Biological research today is increasingly focusing on determining the positions within the cell of various cellular components to ever higher spatial resolutions. This involves many different techniques for enhancing resolution and contrast in images, both for electron microscopes (TEMs, STEMs, SEMs, etc.), as well as all types of light microscopes, including the latest super-resolution techniques. One powerful technique that has gained wide acceptance for research into cellular structure, transport, metabolism, and motility is the application of recombinant genetic techniques to link “reporter” genes to “genes of interest” (GoIs). Thus, when a particular GoI is expressed during normal genetic transcription/translation processes, the reporter gene will also be expressed, producing a small protein which ends up attached to the “protein of interest” (PoI) encoded for by the GoI. One widely-accepted reporter gene is that encoding for a green fluorescent protein (GFP), these reporter genes being available in wild and genetically-modified versions, and the expressed GFPs having fluorescence that extends from blue to yellow in emission wavelengths. The GFP is relatively small (29.6 kDa, 3 nm in diameter by 4 nm long) with its chromophore well protected inside and not requiring any co-factors for light emission. All that is needed to “light up” a GFP is illumination by a laser with a slightly shorter wavelength than the GFP emission wavelength. GFPs appear to be essentially “inert” to the proper functioning of their attached PoI—this is ensured in some cases by connecting the GFP to the PoI with a short flexible polypeptide “linker” which enables the GFP to swing around free from the protein, which may be part of some intracellular structure or mechanism that must not be interfered with in order to preserve the cellular functions being studied by the researcher.
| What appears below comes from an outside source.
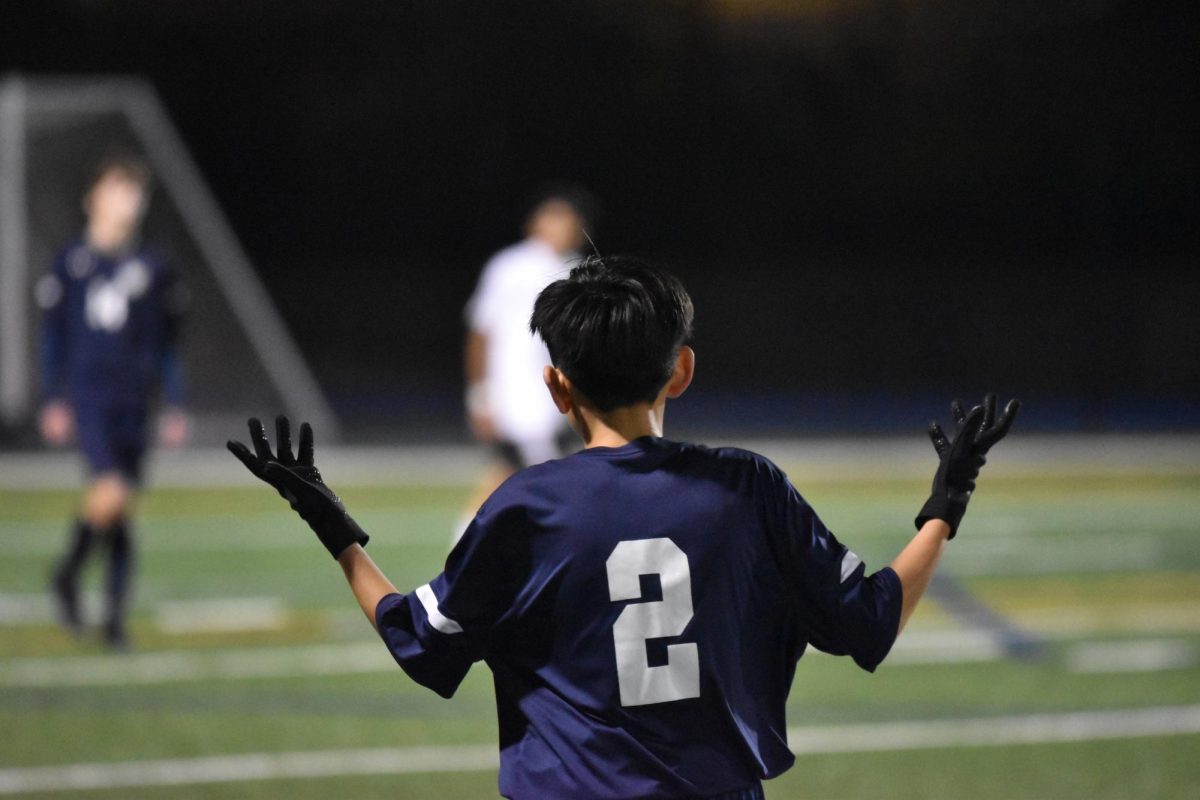 Noah Pang celebrates after the Scots successfully win.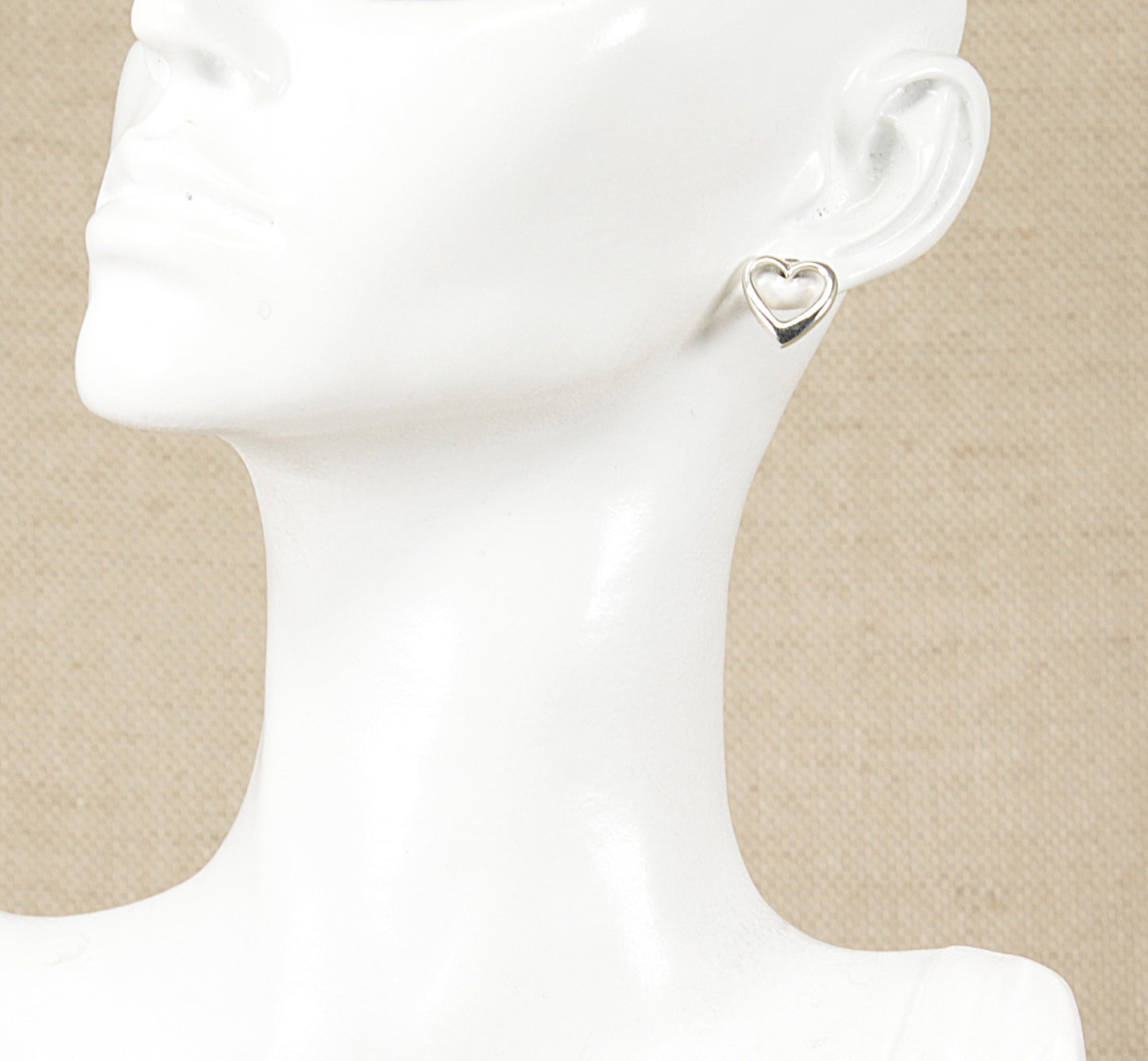 A pair of silver heart-shaped stud earrings displayed on a mannequin head.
Clearly, if the X-Y-Z location of the GFP can be determined precisely within a cell (say, to 10 nm accuracy) then the location of the PoI would be known to a similar accuracy. The fluorescing GFP can be observed through a light microscope and so the location of the PoI can be seen in the microscope relative to observable structures in the sample. Several techniques in the prior art have been proposed and, in some cases, demonstrated, for achieving high positional information from various fluorescent markers (FMs) such as GFPs and also quantum dots. In one technique, a green laser is used to excite a small portion of the fluorescent markers (FMs) in a sample, and the sample is then imaged. Using Gaussian curve fitting, the locations of the FMs may be determined within a FWHM of 20 nm, substantially smaller than the diffraction limit of the imaging system. Using multiple green laser flashes, alternating with red laser flashes which extinguish the fluorescence, the locations of a larger number of FMs may be determined in a process which may typically take tens of minutes. In another technique, described in U.S. Pat. No. 7,317,515 to Buijsse et al. for “Method of Localizing Fluorescent Markers,” which is assigned to the assignee of the present application and which is hereby incorporated by reference, a charged particle beam scans the surface of the sample, damaging the markers and extinguishing the fluorescence when the beam hits the FM. The location of the FM corresponds to the position of the charged particle beam when the fluorescence is extinguished. Because the charged particle beam can be focused to a much smaller point than the laser that illuminates the marker, and the position of the charged particle beam at any time during its scan can be determined with great accuracy, the position of the FM, and therefore the position of the PoI, can be determined with similar accuracy.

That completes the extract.